“Somewhere in the middle of THE DEAL you start to get a prickly feeling on the back of the neck, the uncomfortable sensation that someone, somewhere, is watching you. That’s how real and disquieting Matthew Witten’s drama is.” –LA Herald Examiner
The west coast premiere of THE DEAL, the last show produced at the Back Alley in 1989, told the story of two FBI agents in the field in need of a conviction, a politician on the take, and a local politician caught in the trap. Sound familiar today?

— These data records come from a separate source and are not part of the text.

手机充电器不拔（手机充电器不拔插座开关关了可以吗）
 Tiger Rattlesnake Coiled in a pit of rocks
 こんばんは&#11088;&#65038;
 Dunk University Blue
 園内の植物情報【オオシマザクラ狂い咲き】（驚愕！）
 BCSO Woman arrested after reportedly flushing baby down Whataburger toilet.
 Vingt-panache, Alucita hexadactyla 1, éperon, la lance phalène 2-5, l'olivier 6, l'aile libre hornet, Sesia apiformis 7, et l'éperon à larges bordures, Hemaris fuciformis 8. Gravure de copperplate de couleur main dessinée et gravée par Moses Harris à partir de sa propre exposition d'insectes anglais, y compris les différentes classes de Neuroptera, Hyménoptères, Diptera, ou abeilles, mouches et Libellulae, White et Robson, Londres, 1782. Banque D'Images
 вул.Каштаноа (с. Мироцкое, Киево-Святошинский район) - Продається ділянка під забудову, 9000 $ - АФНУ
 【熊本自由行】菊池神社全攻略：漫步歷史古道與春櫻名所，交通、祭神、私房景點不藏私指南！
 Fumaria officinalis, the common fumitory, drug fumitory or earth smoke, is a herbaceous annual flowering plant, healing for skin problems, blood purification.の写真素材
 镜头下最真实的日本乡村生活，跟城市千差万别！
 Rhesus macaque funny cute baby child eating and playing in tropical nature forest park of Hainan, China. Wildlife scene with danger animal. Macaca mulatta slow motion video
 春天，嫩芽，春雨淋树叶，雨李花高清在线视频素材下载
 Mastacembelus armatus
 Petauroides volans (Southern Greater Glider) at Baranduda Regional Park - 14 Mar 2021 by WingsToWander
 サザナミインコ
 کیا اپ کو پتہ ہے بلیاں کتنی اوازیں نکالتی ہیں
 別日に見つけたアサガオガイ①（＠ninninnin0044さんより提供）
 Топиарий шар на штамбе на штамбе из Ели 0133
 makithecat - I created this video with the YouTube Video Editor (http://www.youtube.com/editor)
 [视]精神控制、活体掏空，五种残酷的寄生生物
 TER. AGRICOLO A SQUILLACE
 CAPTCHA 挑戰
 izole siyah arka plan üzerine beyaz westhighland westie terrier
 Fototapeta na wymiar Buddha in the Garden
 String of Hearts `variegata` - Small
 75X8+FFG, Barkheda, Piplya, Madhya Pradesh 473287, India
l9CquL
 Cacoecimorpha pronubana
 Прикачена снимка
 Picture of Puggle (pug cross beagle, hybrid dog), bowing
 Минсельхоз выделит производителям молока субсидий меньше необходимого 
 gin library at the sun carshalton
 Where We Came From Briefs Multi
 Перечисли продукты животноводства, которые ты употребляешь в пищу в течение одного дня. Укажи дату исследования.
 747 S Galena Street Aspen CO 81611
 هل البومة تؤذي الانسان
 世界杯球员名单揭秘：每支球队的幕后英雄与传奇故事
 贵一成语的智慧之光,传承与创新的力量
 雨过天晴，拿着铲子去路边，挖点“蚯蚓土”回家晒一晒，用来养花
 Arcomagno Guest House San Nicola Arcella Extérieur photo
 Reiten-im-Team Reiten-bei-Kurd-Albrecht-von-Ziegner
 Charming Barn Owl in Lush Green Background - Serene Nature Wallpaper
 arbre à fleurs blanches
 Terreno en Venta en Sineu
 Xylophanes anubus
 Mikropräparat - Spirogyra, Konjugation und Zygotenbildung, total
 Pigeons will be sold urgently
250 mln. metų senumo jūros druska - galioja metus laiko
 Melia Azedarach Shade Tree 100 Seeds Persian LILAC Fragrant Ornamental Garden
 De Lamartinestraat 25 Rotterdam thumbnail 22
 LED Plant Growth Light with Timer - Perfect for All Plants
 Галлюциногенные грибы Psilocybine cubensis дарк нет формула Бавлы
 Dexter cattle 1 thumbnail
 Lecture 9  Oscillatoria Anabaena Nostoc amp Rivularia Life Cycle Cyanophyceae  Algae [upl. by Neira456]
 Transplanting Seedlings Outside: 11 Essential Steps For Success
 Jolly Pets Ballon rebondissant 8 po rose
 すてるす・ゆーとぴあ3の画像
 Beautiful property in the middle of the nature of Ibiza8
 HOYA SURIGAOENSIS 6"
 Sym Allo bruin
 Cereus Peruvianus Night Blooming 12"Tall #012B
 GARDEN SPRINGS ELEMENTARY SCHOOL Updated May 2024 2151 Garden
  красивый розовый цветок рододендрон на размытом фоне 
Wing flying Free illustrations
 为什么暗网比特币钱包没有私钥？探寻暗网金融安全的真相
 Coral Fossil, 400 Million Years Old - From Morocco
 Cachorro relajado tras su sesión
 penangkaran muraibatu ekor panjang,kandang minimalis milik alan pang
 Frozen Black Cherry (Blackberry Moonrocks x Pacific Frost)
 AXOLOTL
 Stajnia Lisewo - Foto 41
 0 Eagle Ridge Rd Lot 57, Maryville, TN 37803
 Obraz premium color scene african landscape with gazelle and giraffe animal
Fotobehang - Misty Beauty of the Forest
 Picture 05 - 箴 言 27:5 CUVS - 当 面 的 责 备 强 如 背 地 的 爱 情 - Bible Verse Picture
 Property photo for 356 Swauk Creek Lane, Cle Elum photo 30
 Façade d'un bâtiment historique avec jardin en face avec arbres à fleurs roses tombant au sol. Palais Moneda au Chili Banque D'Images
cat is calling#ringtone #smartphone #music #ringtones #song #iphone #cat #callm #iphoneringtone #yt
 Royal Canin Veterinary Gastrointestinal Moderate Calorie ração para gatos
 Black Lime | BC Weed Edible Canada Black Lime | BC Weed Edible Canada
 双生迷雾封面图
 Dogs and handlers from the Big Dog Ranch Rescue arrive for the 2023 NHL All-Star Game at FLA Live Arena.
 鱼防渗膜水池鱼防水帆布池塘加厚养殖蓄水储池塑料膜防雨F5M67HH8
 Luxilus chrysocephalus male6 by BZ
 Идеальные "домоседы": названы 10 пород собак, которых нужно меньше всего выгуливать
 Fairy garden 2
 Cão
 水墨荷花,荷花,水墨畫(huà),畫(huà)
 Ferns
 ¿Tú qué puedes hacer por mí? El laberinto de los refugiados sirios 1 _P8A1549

The LA Times called it a stylish production with replays of scenes on audio tape and flash freeze frames. Directed by Allan, it was tautly acted by Michael Cavanaugh, John M. Jackson, Will Nye and Charles Siebert. In an interview with Matt, who was 32 at the time, the LA Times said, “On one level it’s a topical thriller, a drama about greed and entrapment drawn from today’s headlines. But on a deeper level it’s a morality tale of trust and deceit, an even-handed examination of the bonds of friendship and the bounds of professional ethics.”
One set, four actors. International City Theatre in Long Beach liked it so much they hired Allan to direct it again a few years later.
Rick Rosenthal of Whitewater Films (“Bad Boys” and “Transparent” among other projects), optioned THE DEAL for film and I worked with him and Matt to turn it into a screenplay. It never got made but Rick did direct and produce another screenplay by Matt, “Drones.” Matt went on to become a prodigious writer of TV shows like “House (45 episodes!)” and “Law & Order”; the Jacob Burns mystery series and as of 2023 has embarked on a new adventure writing thriller novels.
When we struck the set for THE DEAL, we also struck the theatre itself, pulling out the seats, risers, lights, even the cabling from the walls. Everything went, and the building would never be a theatre again. We moved out and on.